According to a recent report from the Lexington Herald-Leader, more than 60 percent of MSHA penalties levied against companies operating in Kentucky in the last 10 years remain uncollected, totaling $24.6 million in unpaid fines. Some of the largest delinquencies belong to the largest operations, including Massey Energy, Alliance Resource Partners, and TECO Coal, which operates the Hazard Number 4 mine, where a roof collapse killed a roof bolter on February 16.

Coal mining is one of the highest paying jobs in eastern Kentucky counties, where between a fifth and a third of the population lives below the federal poverty line, and the median wage is half that of the national figure. Starting wages for miners are around $15 an hour, more than double the prevailing wages in most of the area, and many workers are lured into non-union mines with the promise of salaries that could rise to $50,000 to $60,000. In the last two years, 12,000 people have undergone the 40-hour mine training course to become certified, and the state has issued 7,287 temporary licenses for underground work, although only 2,000 of those newly licensed have secured employment.

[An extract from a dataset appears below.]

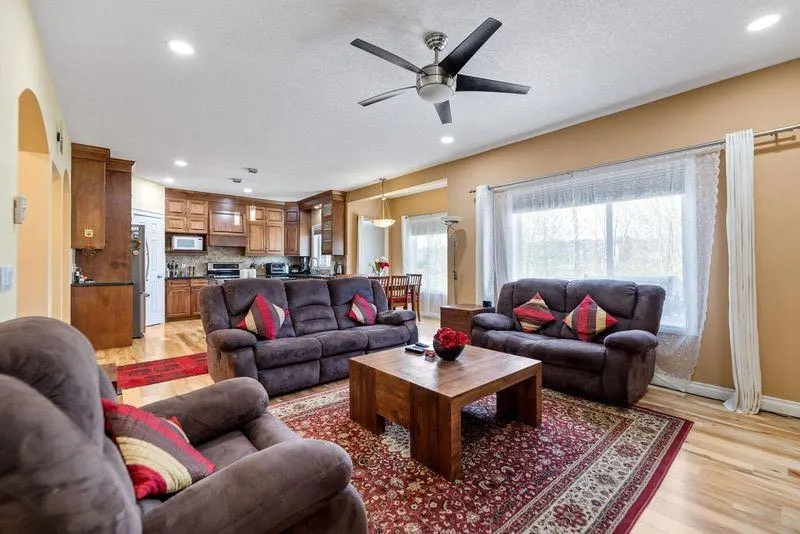 115 Kincora View NW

Nevertheless, some industry representatives and regulators continue to insist that there is a labor shortage. “We’re losing production even though the price of coal is up,” Kentucky Coal Association President Bill Caylor told the Los Angeles Times last month. “There is not a large enough pool of workers.”

Charlie Brease, the president of Massey Energy subsidiary Sidney Coal Co., requested that the Kentucky Coal Board relax its requirement of English proficiency so that the company could bring in Hispanic immigrant workers for training. “It’s common knowledge that the work ethic of the Eastern Kentucky worker has declined from where it once was,” he wrote in a December memorandum. “Attitudes have changed among the existing work force, which affects attendance, drug use, and ultimately productivity.” At the Board’s March 10 meeting, the proposal was not discussed, although the “labor shortage” is still being publicly lamented by officials and executives.

Publication of the statement last month provoked such opposition among miners that Brease offered an apology for his insinuation of rampant drug abuse. Subsequently, the media coverage has attempted to paint the miners’ opposition as racist and backward.

Most miners actually quoted in the press, however, direct their anger at what is to be another attack on wages and benefits. Homer Black, a disabled miner working at the Sidney Coal preparation plant, told the Associated Press, “They bring Mexicans in here, they’ll get ’em killed.” Of his co-workers, Black said, “These people ain’t going to put up with it.” Shannon Gibson, who had just been hired to work at Sidney, added, “They’re just looking for more workers who’ll work cheaper and longer.”